By Amy Jones, Political Correspondent 16 December 2020 • 6:00am www.telegraph.co.uk
The original proposals were heavily criticised by dozens of Conservative backbenchers, including the former prime minister Theresa May, amid fears that it would lead to a surge of house building in their greenbelt constituencies.
An updated formula will be weighted to focus on developing family homes in 20 of England’s largest cities and making the most of vacant buildings and underused land.
Bob Seely, the Conservative MP for the Isle of Wight, said that the change was “absolutely the right decision”. He said: “I am sure MPs will want to look at the re-jigged plans in detail, but this is an initial victory for those who care about their communities.”
The decision follows a consultation launched in the summer that sought views from planners, councils and the wider public.

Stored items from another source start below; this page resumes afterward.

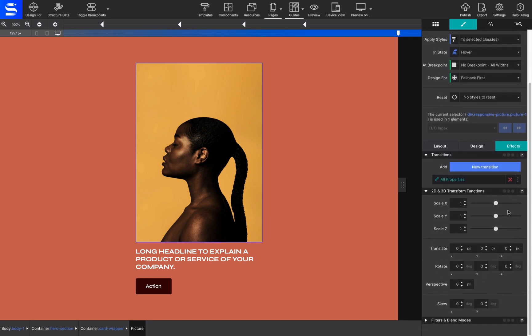Under Transitions, hit the All Properties box to expand the different fields available, such as properties to apply the transition to, what function to perform, and set time and delay for the transition to take place.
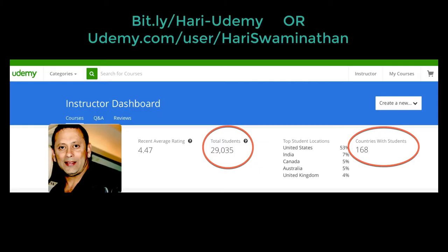A little bit about myself. This is my Udemy channel. You can find me under udemy.com/user/HariSwaminathan. Close to about 30,000 students from 168 countries and an average review of 4.47 out of five, as of May 31st, 2017.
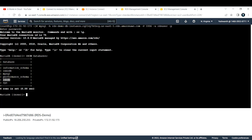That confirms we are inside the same RDS instance we created. This is how you can connect to your RDS instance using an EC2 instance. That's it for today's video. If you're liking the content I'm creating, please consider subscribing and share it among your friends. Thank you.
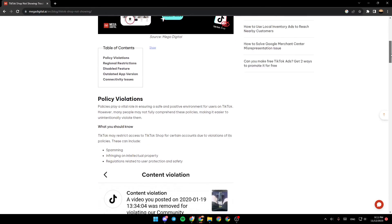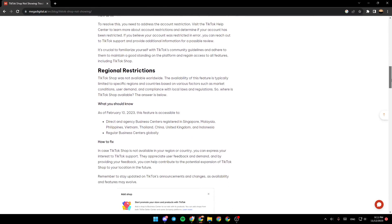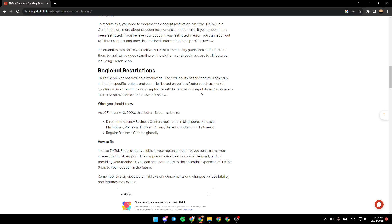If you scroll down here, you'll find regional restrictions. TikTok Shop is not available worldwide. The availability of this feature is typically limited to specific regions and countries based on various factors such as market conditions, user demand, and compliance with local laws and regulations.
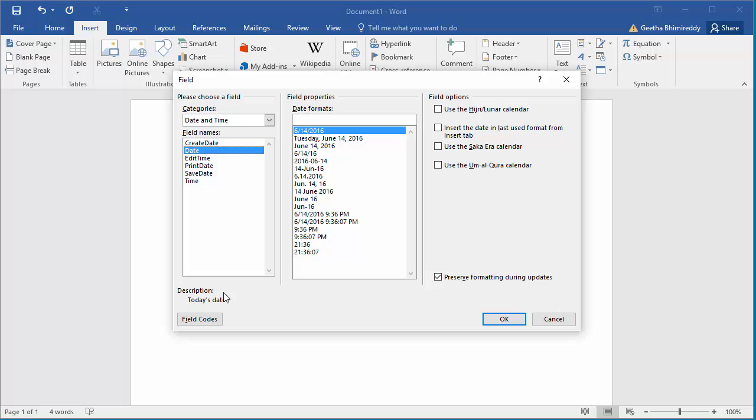Under Field Properties, select the required date format. Click OK to add current date.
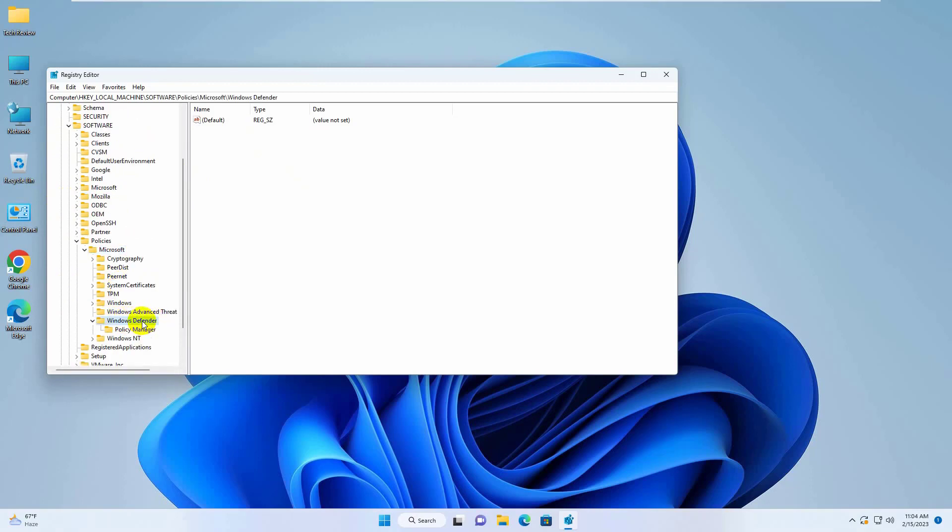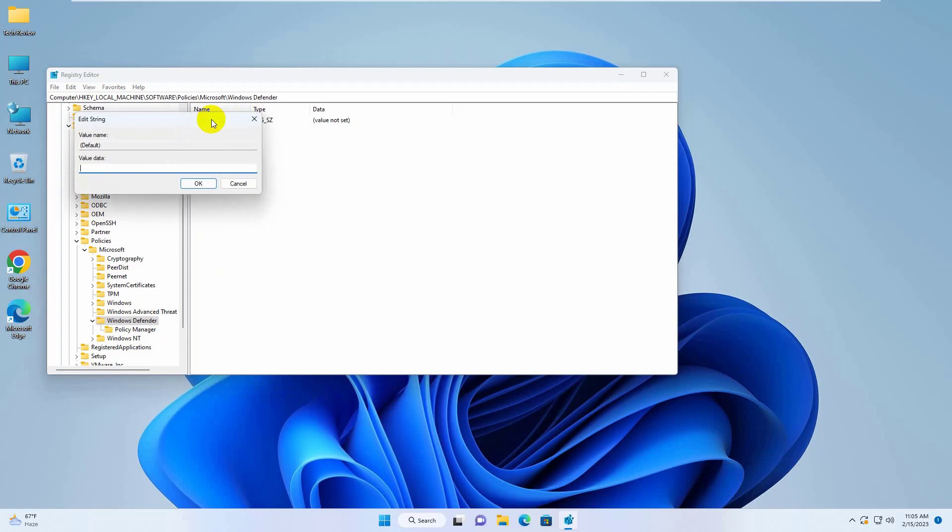On the right side, if you see a key named disable real-time monitoring, right click on it and select delete. After deleting that, double click on default and set the value to 0. Click on OK.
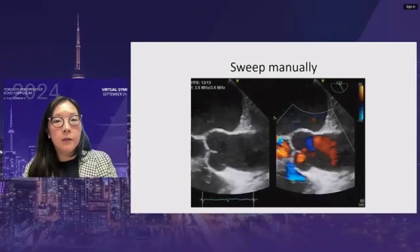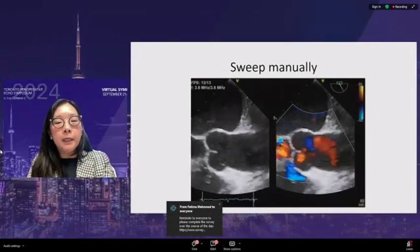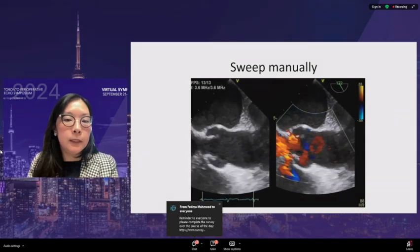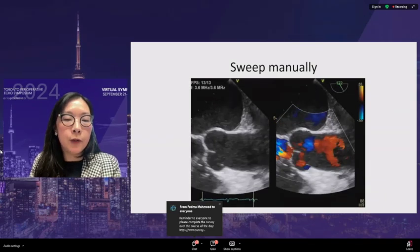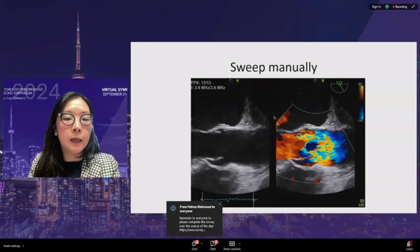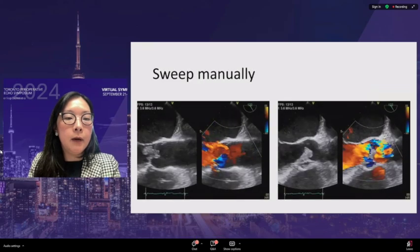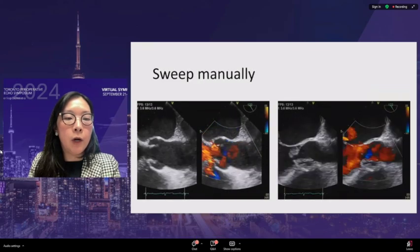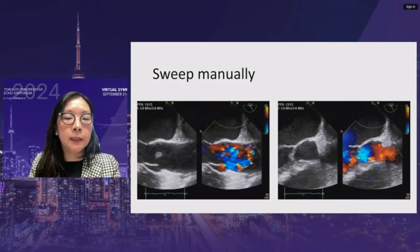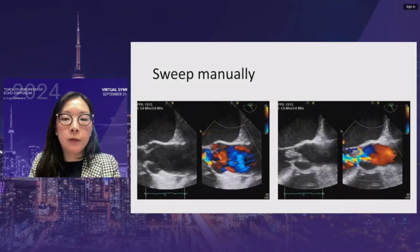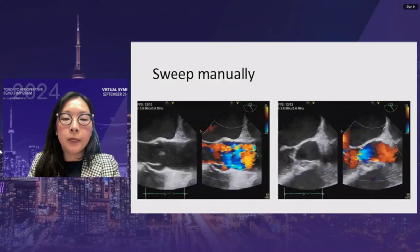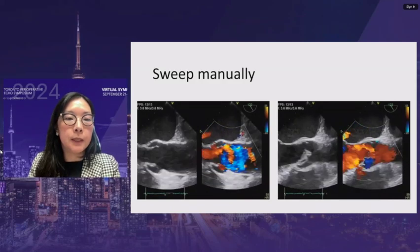Manual sweeping of the probe is important. Starting from a normal view showing a little aortic regurgitation, clocking the probe reveals a mass on the aortic valve with significant regurgitation. Clocking even further reveals actual abscess formation adjacent to it.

It is understood that the views of MPs were sought by Housing Secretary Robert Jenrick, after many aired their concerns in the Commons. An updated formula will now be rolled out to local councils to enable the delivery of 300,000 homes a year by the mid-2020s.
However, the Government could still face opposition on its own benches, as Tory MPs expressed concern that the White Paper would still have “serious implications” for local democracy.

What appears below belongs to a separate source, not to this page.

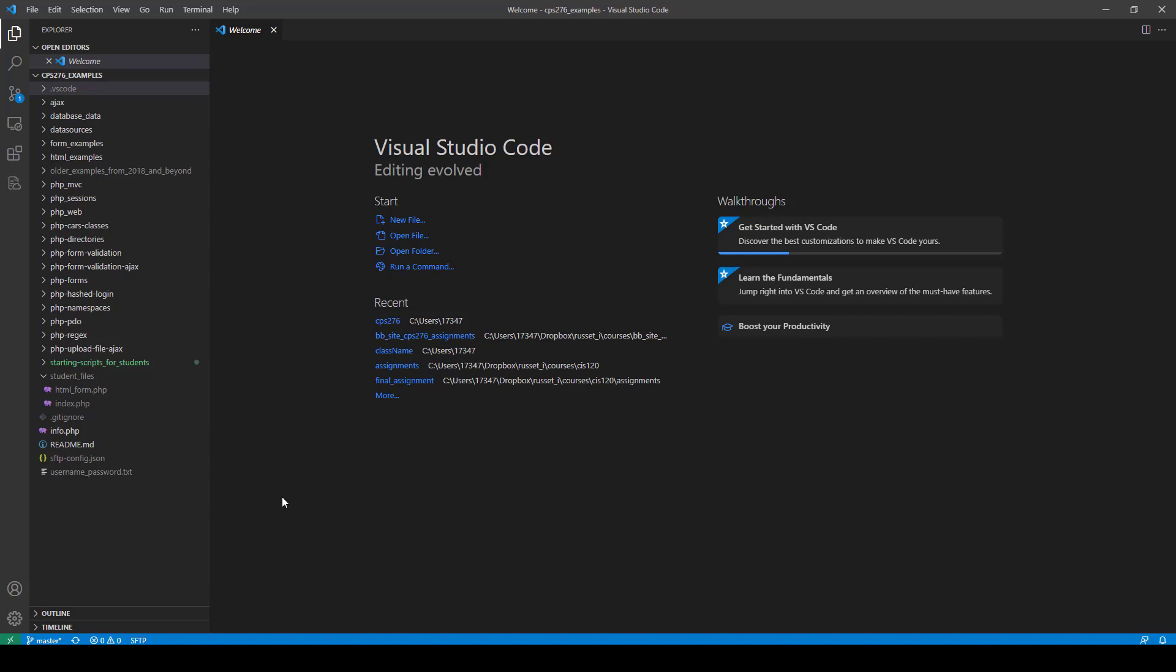Okay, in this video I'm going to show you how you can use a Visual Studio Code extension to upload a file to your server as soon as you save the file. So you can be writing some code, you just save the file, it automatically uploads to your server. It will save you a lot of time.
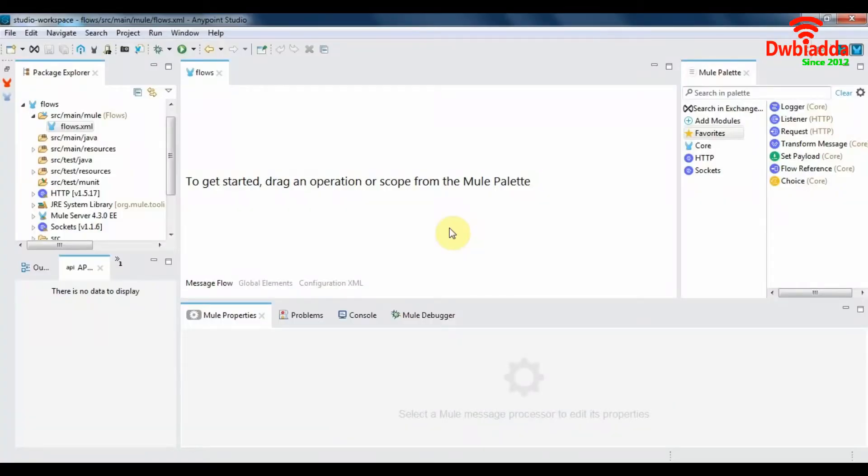Hi guys, welcome to another MuleSoft tutorial. In today's tutorial we're going to learn about the different types of flows in Mule 4.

Mr Jenrick said: “This Government wants to build more homes as a matter of social justice, for inter-generational fairness and to create jobs for working people. We are reforming our planning system to ensure it is simpler and more certain without compromising standards of design, quality and environmental protection.
“The Covid-19 pandemic has accelerated and magnified patterns that already existed, creating a generational opportunity for the repurposing of offices and retail as housing and for urban renewal.
“We want this to be an opportunity for a new trajectory for our major cities – one which helps to forge a new country beyond Covid – which is more beautiful, healthier, more prosperous, more neighbourly and where more people have the security and dignity of a home of their own.”
He also confirmed that a new Urban Centre Recovery Task Force has been set up to help promote the “development and regeneration of our great town and city centres”, with a focus on revitalising the high street.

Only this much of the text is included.